R functions should be vectorized: accept a vector and return a vector. ifelse(condition, yes, no) is vectorized (all three arguments can be vectors). if (condition) value1 else value2 is not — it operates on a scalar condition.

When a function contains logic that inherently varies by element, dplyr::case_when() handles vectorized conditional logic: case_when(x < 0 ~ "negative", x == 0 ~ "zero", x > 0 ~ "positive"). For pure R, ifelse() or switch() with vapply().

Vectorize(f) wraps a scalar function to work on vectors using mapply(). It is convenient but not as fast as a truly vectorized implementation. For performance-critical code, rewrite the logic to avoid element-by-element loops.

Documentation with roxygen2

#' comments above a function are processed by roxygen2 into .Rd documentation files. #' @param name Description documents an argument. #' @return Description documents the return value. #' @examples starts an examples block.

#' @inheritParams other_function copies parameter documentation from another function — useful when multiple functions share arguments. #' @seealso [other_function()] adds cross-references.

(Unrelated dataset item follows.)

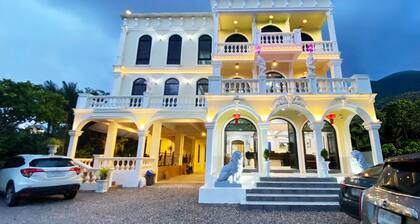 Daddy Dream Hotel and Residence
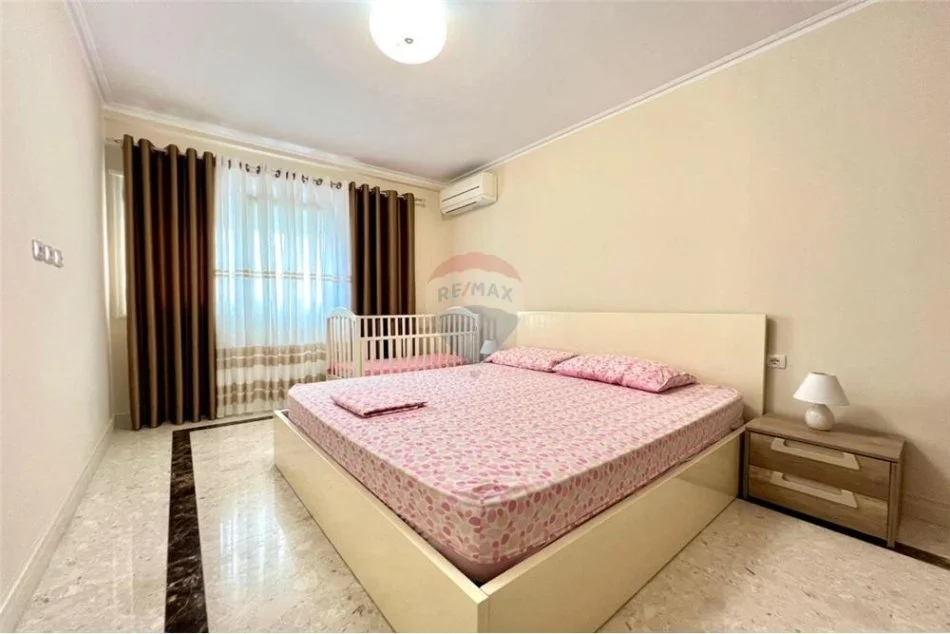 Vlore - Lungomare, jepet me qera 1+1 , 74 m² 450 € (Rruga Dhimitër Konomi, Lungo Mare, Vlorë)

devtools::document() regenerates all documentation from roxygen2 comments. ?fn_name displays the documentation in the help pane. For interactive development, devtools::load_all() loads functions without reinstalling the package.

Summary

Good functions are small, focused, and well-documented. They validate inputs, provide clear error messages, and have sensible defaults. Apply these principles consistently to write R code that is easier to maintain and share.